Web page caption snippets
■ ■ ■
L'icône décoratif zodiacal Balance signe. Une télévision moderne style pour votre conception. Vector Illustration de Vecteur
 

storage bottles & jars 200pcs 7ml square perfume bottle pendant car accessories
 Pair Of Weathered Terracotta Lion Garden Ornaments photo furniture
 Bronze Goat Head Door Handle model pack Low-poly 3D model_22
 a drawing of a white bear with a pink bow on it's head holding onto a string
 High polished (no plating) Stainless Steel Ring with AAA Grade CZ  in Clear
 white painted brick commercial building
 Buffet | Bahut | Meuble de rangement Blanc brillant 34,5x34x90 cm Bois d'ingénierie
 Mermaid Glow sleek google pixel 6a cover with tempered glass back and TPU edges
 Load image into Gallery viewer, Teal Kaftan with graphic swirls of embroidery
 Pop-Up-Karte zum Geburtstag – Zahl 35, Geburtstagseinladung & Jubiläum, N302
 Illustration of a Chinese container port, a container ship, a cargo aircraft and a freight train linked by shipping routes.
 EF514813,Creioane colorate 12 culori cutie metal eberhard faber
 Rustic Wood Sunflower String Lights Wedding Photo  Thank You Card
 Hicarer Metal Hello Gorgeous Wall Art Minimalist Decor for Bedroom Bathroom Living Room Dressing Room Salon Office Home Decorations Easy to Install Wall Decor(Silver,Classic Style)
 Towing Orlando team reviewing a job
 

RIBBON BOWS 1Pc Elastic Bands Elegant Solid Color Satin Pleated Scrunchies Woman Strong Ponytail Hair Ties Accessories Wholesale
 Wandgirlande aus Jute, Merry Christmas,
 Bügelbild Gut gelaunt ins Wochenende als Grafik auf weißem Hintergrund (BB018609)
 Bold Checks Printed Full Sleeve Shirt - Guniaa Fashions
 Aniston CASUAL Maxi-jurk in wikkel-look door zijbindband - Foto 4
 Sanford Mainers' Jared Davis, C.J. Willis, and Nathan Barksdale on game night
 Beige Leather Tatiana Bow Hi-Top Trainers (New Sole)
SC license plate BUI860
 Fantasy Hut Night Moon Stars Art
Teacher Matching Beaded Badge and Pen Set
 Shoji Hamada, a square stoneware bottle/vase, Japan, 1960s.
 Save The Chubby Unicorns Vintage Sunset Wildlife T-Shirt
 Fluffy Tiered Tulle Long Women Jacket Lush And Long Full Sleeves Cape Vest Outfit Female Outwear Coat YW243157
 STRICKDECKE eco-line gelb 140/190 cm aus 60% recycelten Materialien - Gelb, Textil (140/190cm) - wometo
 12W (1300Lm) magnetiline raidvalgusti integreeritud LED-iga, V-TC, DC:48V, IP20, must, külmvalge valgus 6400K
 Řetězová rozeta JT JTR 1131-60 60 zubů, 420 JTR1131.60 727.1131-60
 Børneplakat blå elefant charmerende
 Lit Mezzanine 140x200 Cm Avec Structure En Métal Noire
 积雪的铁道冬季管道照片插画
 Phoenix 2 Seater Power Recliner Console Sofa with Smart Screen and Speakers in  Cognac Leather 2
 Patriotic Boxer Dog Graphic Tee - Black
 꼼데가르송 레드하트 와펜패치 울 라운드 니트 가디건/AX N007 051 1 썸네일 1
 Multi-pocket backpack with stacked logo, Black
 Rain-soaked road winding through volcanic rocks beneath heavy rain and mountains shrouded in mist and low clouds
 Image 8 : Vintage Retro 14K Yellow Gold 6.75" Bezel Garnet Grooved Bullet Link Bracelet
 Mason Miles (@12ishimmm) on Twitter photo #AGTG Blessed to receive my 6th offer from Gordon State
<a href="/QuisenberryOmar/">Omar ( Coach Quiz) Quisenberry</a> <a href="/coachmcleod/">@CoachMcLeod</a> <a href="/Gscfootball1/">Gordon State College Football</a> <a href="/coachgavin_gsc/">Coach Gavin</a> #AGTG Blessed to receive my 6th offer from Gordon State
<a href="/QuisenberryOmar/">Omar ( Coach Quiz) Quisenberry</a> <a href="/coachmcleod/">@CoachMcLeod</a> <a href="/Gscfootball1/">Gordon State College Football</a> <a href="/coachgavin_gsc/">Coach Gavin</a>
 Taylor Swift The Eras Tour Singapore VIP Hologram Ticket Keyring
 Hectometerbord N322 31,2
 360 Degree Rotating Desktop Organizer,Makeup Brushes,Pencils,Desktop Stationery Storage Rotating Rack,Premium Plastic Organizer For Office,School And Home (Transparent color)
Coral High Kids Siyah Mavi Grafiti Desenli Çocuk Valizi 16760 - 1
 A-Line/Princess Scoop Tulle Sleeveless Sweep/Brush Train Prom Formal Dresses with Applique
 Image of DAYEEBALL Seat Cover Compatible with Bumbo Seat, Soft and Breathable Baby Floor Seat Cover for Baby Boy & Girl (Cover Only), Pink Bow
■ ■ ■
The lines to extract from the data above begin with the line containing "Fantasy Hut Night Moon Stars Art" and end with the line containing "Hectometerbord N322 31,2". Extract them exactly, including both.

§ Output for this task:
 Fantasy Hut Night Moon Stars Art
Teacher Matching Beaded Badge and Pen Set
 Shoji Hamada, a square stoneware bottle/vase, Japan, 1960s.
 Save The Chubby Unicorns Vintage Sunset Wildlife T-Shirt
 Fluffy Tiered Tulle Long Women Jacket Lush And Long Full Sleeves Cape Vest Outfit Female Outwear Coat YW243157
 STRICKDECKE eco-line gelb 140/190 cm aus 60% recycelten Materialien - Gelb, Textil (140/190cm) - wometo
 12W (1300Lm) magnetiline raidvalgusti integreeritud LED-iga, V-TC, DC:48V, IP20, must, külmvalge valgus 6400K
 Řetězová rozeta JT JTR 1131-60 60 zubů, 420 JTR1131.60 727.1131-60
 Børneplakat blå elefant charmerende
 Lit Mezzanine 140x200 Cm Avec Structure En Métal Noire
 积雪的铁道冬季管道照片插画
 Phoenix 2 Seater Power Recliner Console Sofa with Smart Screen and Speakers in  Cognac Leather 2
 Patriotic Boxer Dog Graphic Tee - Black
 꼼데가르송 레드하트 와펜패치 울 라운드 니트 가디건/AX N007 051 1 썸네일 1
 Multi-pocket backpack with stacked logo, Black
 Rain-soaked road winding through volcanic rocks beneath heavy rain and mountains shrouded in mist and low clouds
 Image 8 : Vintage Retro 14K Yellow Gold 6.75" Bezel Garnet Grooved Bullet Link Bracelet
 Mason Miles (@12ishimmm) on Twitter photo #AGTG Blessed to receive my 6th offer from Gordon State
<a href="/QuisenberryOmar/">Omar ( Coach Quiz) Quisenberry</a> <a href="/coachmcleod/">@CoachMcLeod</a> <a href="/Gscfootball1/">Gordon State College Football</a> <a href="/coachgavin_gsc/">Coach Gavin</a> #AGTG Blessed to receive my 6th offer from Gordon State
<a href="/QuisenberryOmar/">Omar ( Coach Quiz) Quisenberry</a> <a href="/coachmcleod/">@CoachMcLeod</a> <a href="/Gscfootball1/">Gordon State College Football</a> <a href="/coachgavin_gsc/">Coach Gavin</a>
 Taylor Swift The Eras Tour Singapore VIP Hologram Ticket Keyring
 Hectometerbord N322 31,2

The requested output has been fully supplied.